"""

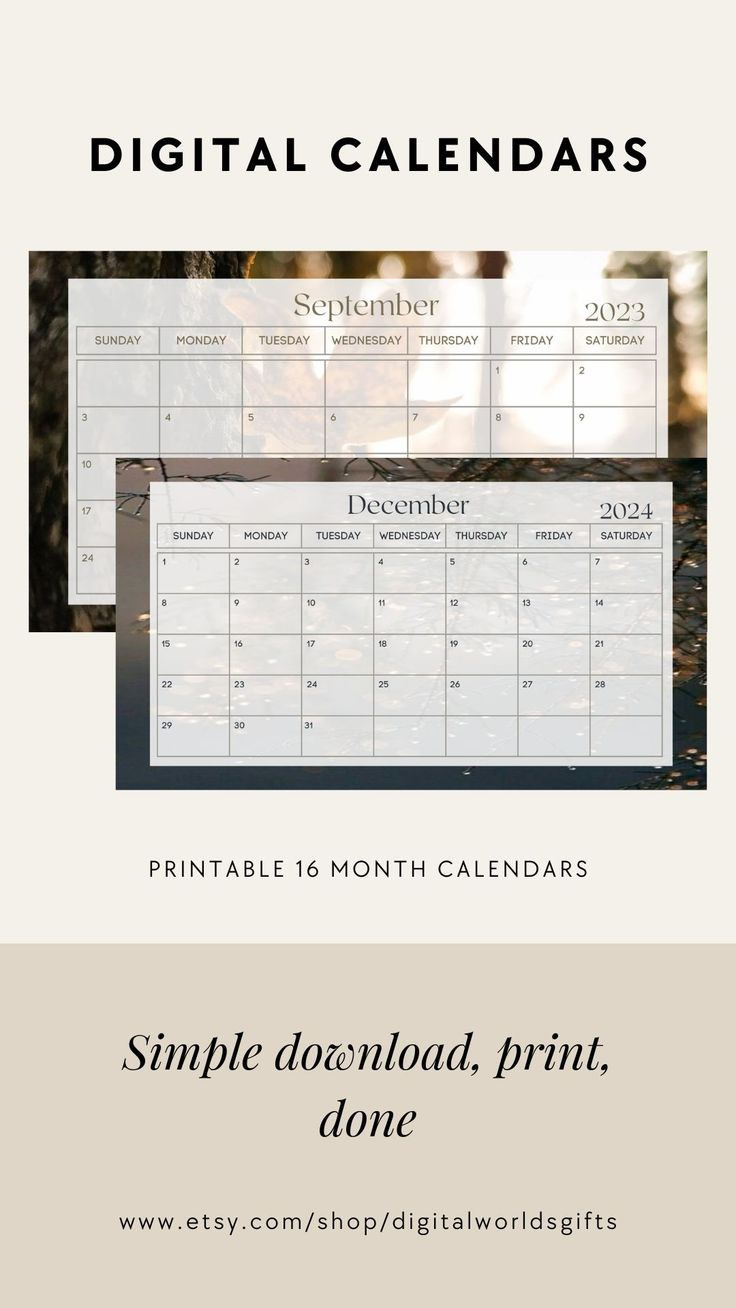 2023-2024 Printable 16 Month Calendars within 16 Month Calendar Printable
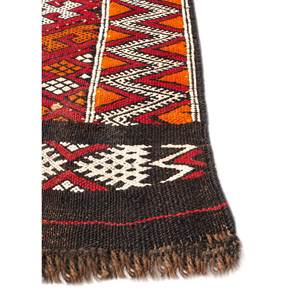 Tapis en laine noués à la main Kiaan, motif géométrique abstrait rouge-orange, design Kilim, pour entrée, couloir, 9x12 rectangulaire - Product Image 4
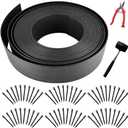 Landscape Edging Kit, Include 4 Inch High 120 Feet Length Terrace Board, 60 Durable Spikes, Edging Pruning Shear, Rubber Mallet Hammer, Black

"""

Exact repetition required: repeat the first line of the listing above, the line containing "Tapis en laine", and every line between, leaving out pictures.

 2023-2024 Printable 16 Month Calendars within 16 Month Calendar Printable
 Tapis en laine noués à la main Kiaan, motif géométrique abstrait rouge-orange, design Kilim, pour entrée, couloir, 9x12 rectangulaire - Product Image 4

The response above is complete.